Surface magnetism of cobalt-doped anatase TiO2 nanopowders

Abstract

Cobalt-doped anatase Ti1−xCoxO2 (0 < x ≤ 0.04) nanopowders (with a particle size of 30−40 nm) were produced by the hydrothermal synthesis method. Morphology, structure, and thermal stability of the synthesized compounds were examined using transmission electron microscopy, infrared spectroscopy, and X-ray diffraction analysis. Using X-ray photoelectron spectroscopy, cobalt ions are shown to have an oxidation state of 2+, with titanium ions having a tetravalent state of Ti4+. In the as-prepared state, all investigated compounds of Ti1−xCoxO2 are paramagnetic, with the value of paramagnetic susceptibility growing in proportion to cobalt content; with the spin of cobalt ion equal to S = 3/2. Analysis of the electron paramagnetic resonance spectra reveals that doping TiO2 with cobalt (up to 2%) is accompanied by a significant increase in the concentration of F+ centers. Further growth of the cobalt content results in a relatively wide line (nearly 600 Oe) in the spectrum, with a g-factor of about 2.005, demonstrating exchange-coupled regions being formed, the fraction of which increases with cobalt content, while the intensity of F+-center signals is reduced appreciably. Annealing of Ti0.96Co0.04O2 in vacuum at 1000 K is shown to have resulted in the substantial localization of cobalt atoms in the subsurface layers, resulting in an approximately 3-fold increase in the Co atoms content on the surface of nanoparticles as compared with that in the bulk. This is shown to be accompanied by appearance of spontaneous magnetization at room temperature, the value of which depends on the cobalt content in TiO2 nanopowders.
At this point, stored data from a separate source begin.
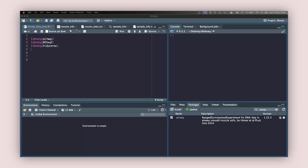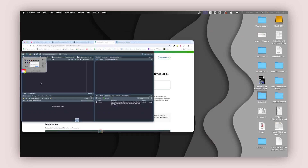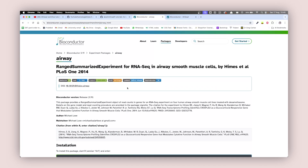We are going to start with the RNA sequencing analysis. But before that, we need to get a dataset on which we are going to work. That dataset is the airway dataset — it is a summarized experiment object, that's what they call it in R. You can go to Google and search for the airway package for R.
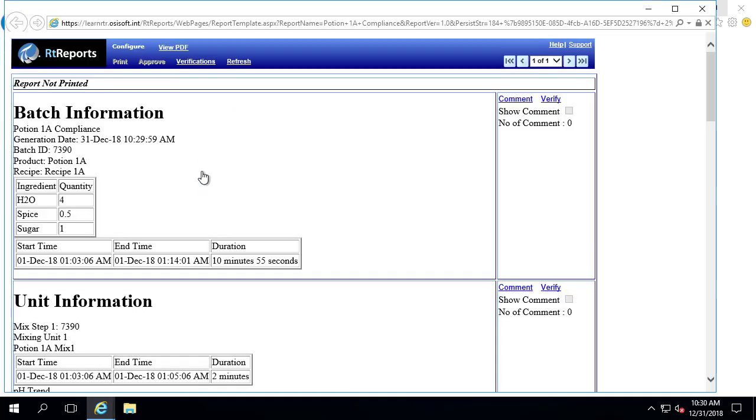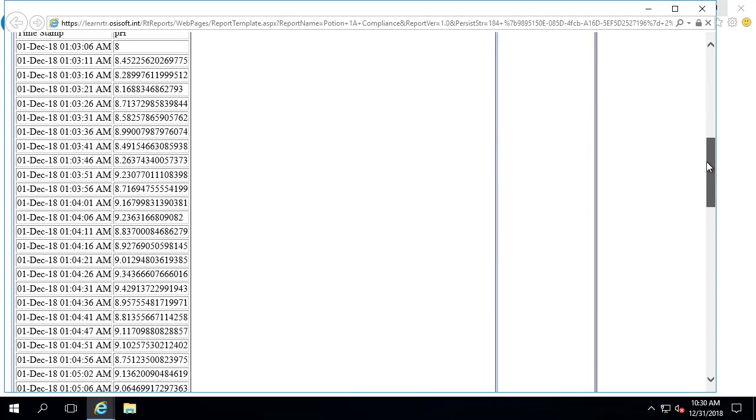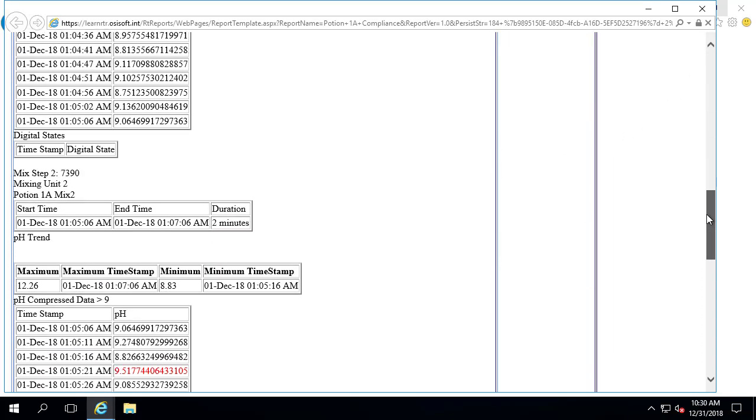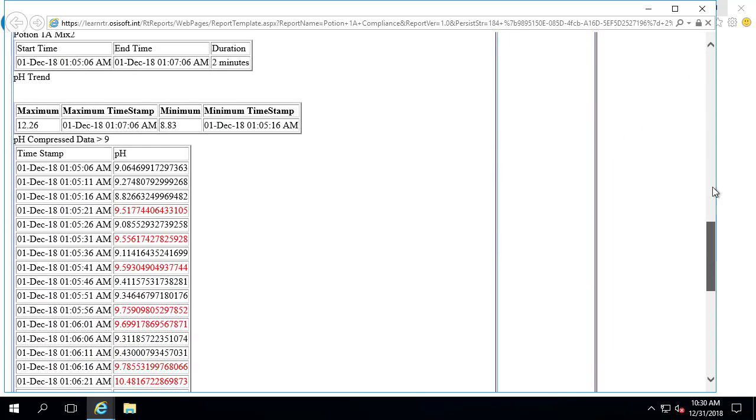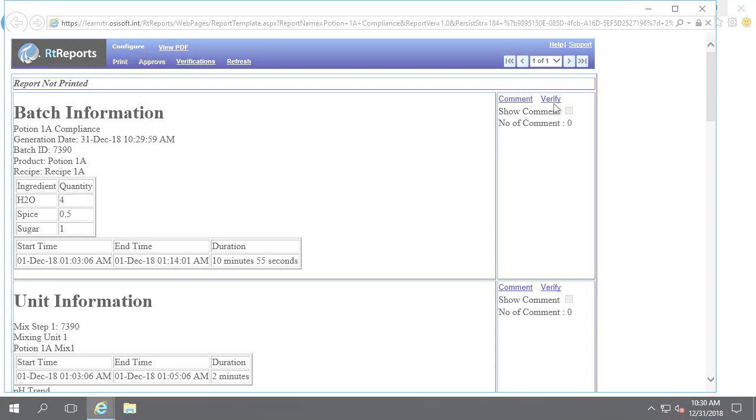Reports can be set up to require fully traceable comments, verifications, and approval cycles before an official watermarked report is generated to PDF.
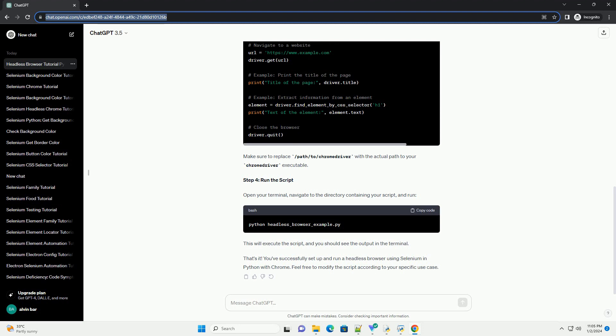Step 3: Write Python Script. Now, let's create a Python script. Save the following code in a file, example headless_browser_example.py. Make sure to replace /path/to/ChromeDriver with the actual path to your Chrome Driver executable.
The value of magnetic moment per Co atom decreases monotonically down to a value of ≃1 μB with cobalt content increasing. A core−shell model proposed to be the most adequate for describing the magnetic properties of TiO2:Co after the reducing annealing. A hypothesis is put forward suggesting that the defect surface enriched with Co atoms and vacancies is described with itinerant type magnetism, allowing for the delocalized nature of electrons near vacancies. © 2016 American Chemical Society.